Our next question comes from Charlie Anderson with Dougherty & Company. Charlie Anderson - Dougherty & Company: Yes, thanks for taking my questions. Phil, I think in the past you’ve talked about one of the key strategies here is to maximize the NOL. And I wonder, if you could just maybe update us your thinking there, what you can do strategically to pull that off beyond what you have in the current portfolio? Philip A. Vachon: Great, question. I referred to it in the remarks, and you’ll notice I didn’t give you much meat behind it. Look, day-to-day our business is to monetize the patents that we have. That’s how we’re going to generate revenue in the sort of short, medium, long-term.

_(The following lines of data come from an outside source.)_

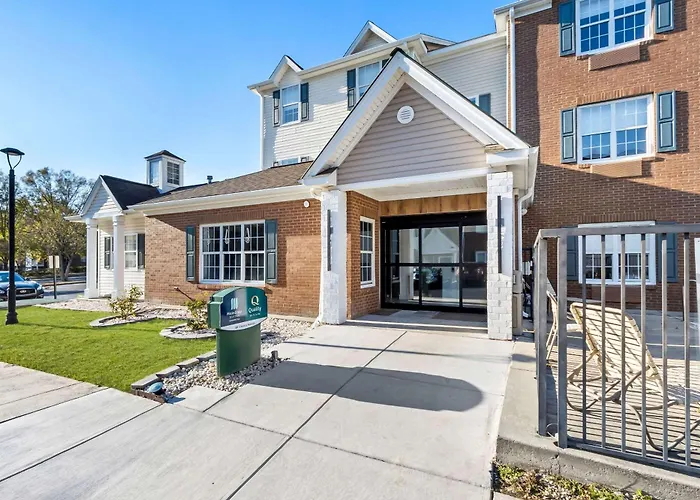 Mainstay Suites Columbia Harbison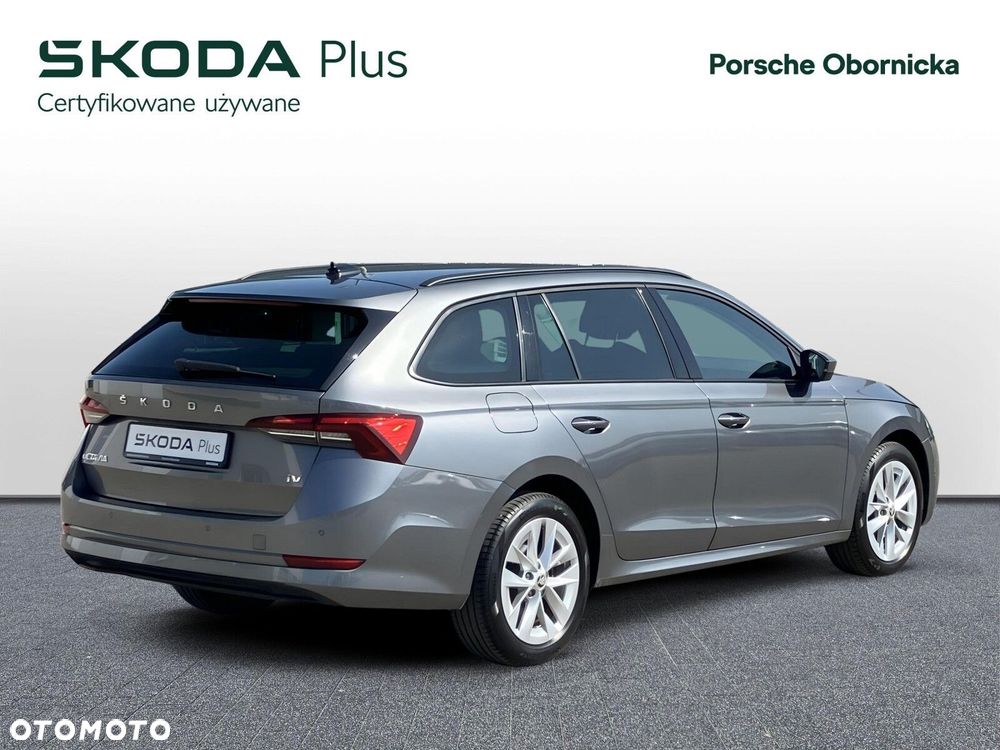 Skoda Octavia - 3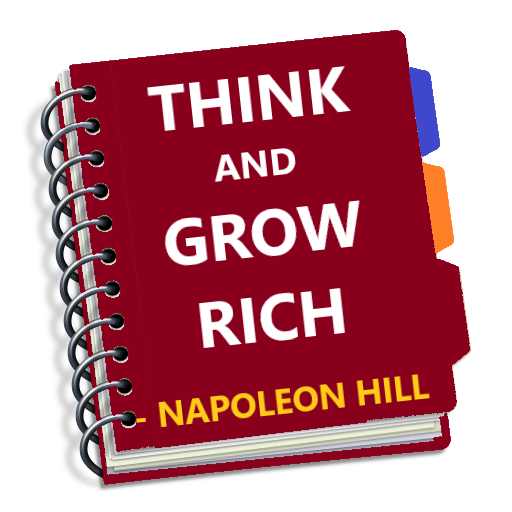 Think & Grow Rich Book Summary logo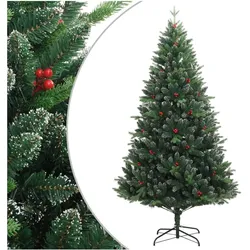 vidaXL, Weihnachtsbaum, Lucia (Grundausführung) (210 cm)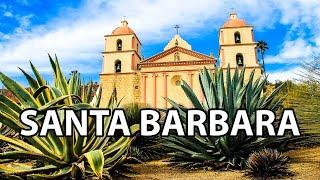 A Tour of Santa Barbara | Lovely City in Southern California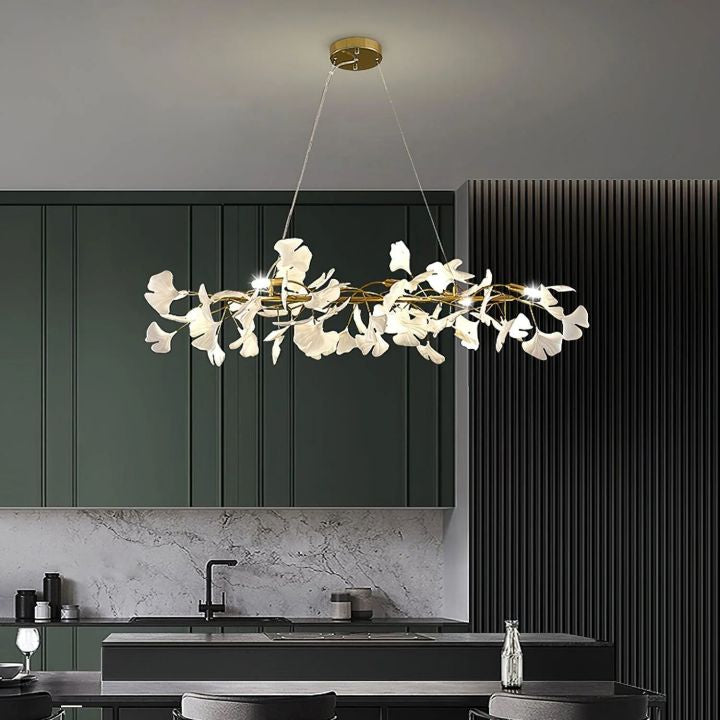 Ceramic Luxury Chandelier Style E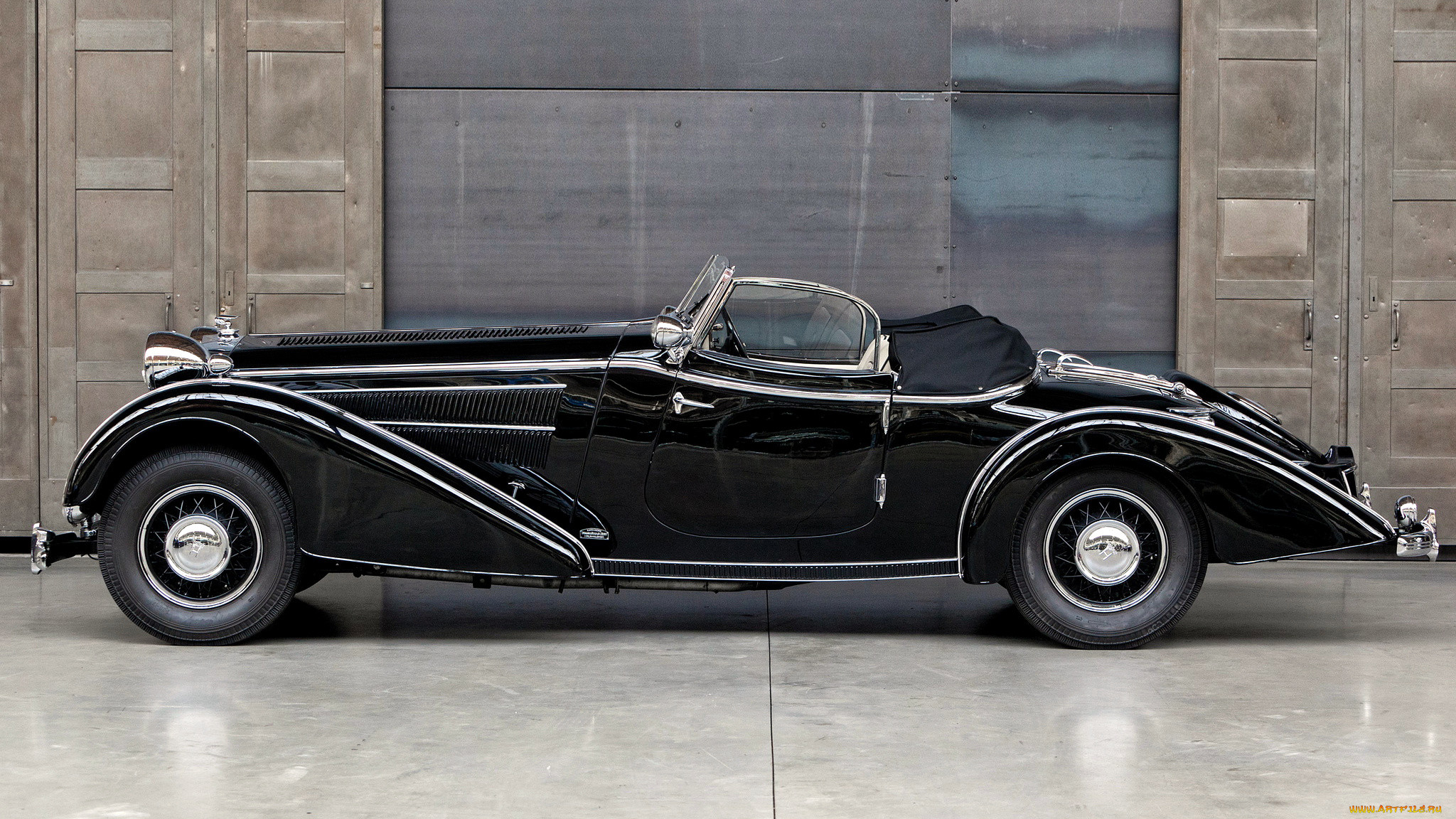 horch, , ag, , -
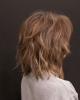 Ах, този обем! Великолепни пищни прически за коса със средна дължина - 19 ултрамодерни варианта за всеки вкус и възраст (Снимки):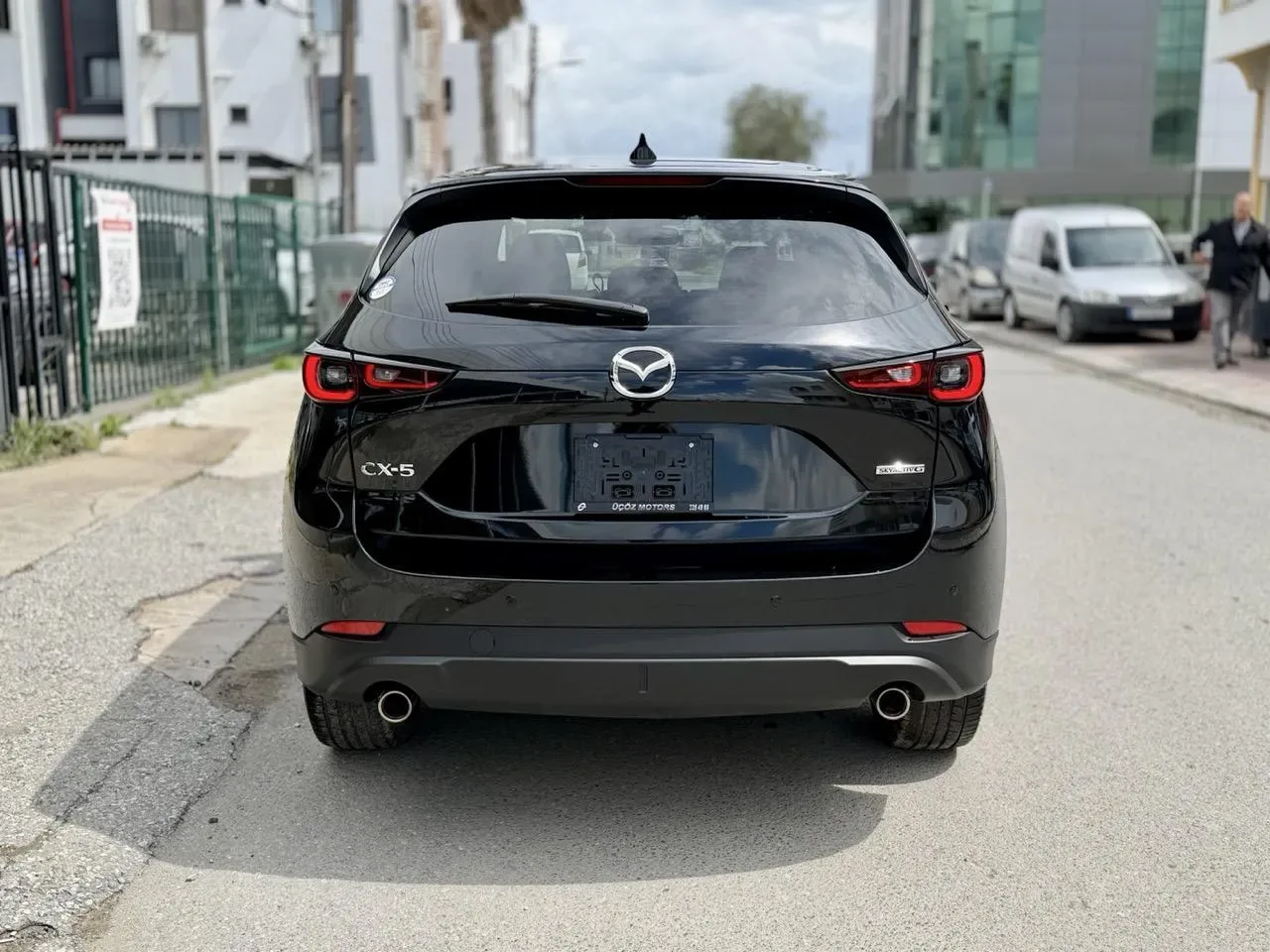 2024 Mazda CX-5 2.0 Skyactiv-G Lefkoşa Satılık İkinci El | GalerimPlus - Thumbnail 4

That’s what we’ve got to sell right now. But a good corporate asset in addition to our nice $100 million plus balance sheet is the NOL. And so, the board is spending a lot of time thinking about the NOL. There are a lot of limitations to how we can operate with respect to the NOL under the 380 rules and so forth. So, we have been doing a lot of work on that, but I’ve got nothing to talk about today. But it’s not like we have forgotten about it. Charlie Anderson - Dougherty & Company: Fair enough. And then I think, one thing I want to address is that, in the quarter InterDigital did a very substantial transaction with Samsung, it seems like what maybe end of the sale made there is that they gave up a little bit of rate in exchange for a longer duration of a deal. I wonder if there has been any movement toward that type of structure in some of the conversations you had and maybe (indiscernible) some of them? Philip A. Vachon: So, I don’t know the specifics of that deal, but I have come from a software industry where it’s a licensable product. So when you extend the agreement for a period of time and you take the same money, that’s a discount. I mean it just (indiscernible) what it is. So, look if we have the overall economics of a deal that works for two years, five years, seven years, nine years, it’s not a problem. We have a lot of flexibility in how we structure our agreement. The question is, is the overall economics worthwhile? And so far the answer is no. But sure, if somebody offered me a seven year deal as opposed to a five year deal provided the discount wasn’t too much, but that what you just described I consider it discount. Charlie Anderson - Dougherty & Company: Got it. Thanks so much. Philip A. Vachon: All right.
We have no further questions at this time. I’d like to turn the conference back to Mr. Vetter for any additional or closing remarks.
We just appreciate everybody’s time today and have a good evening. Thank you.
Once again ladies and gentlemen, that does conclude today's conference. Thank you for your participation.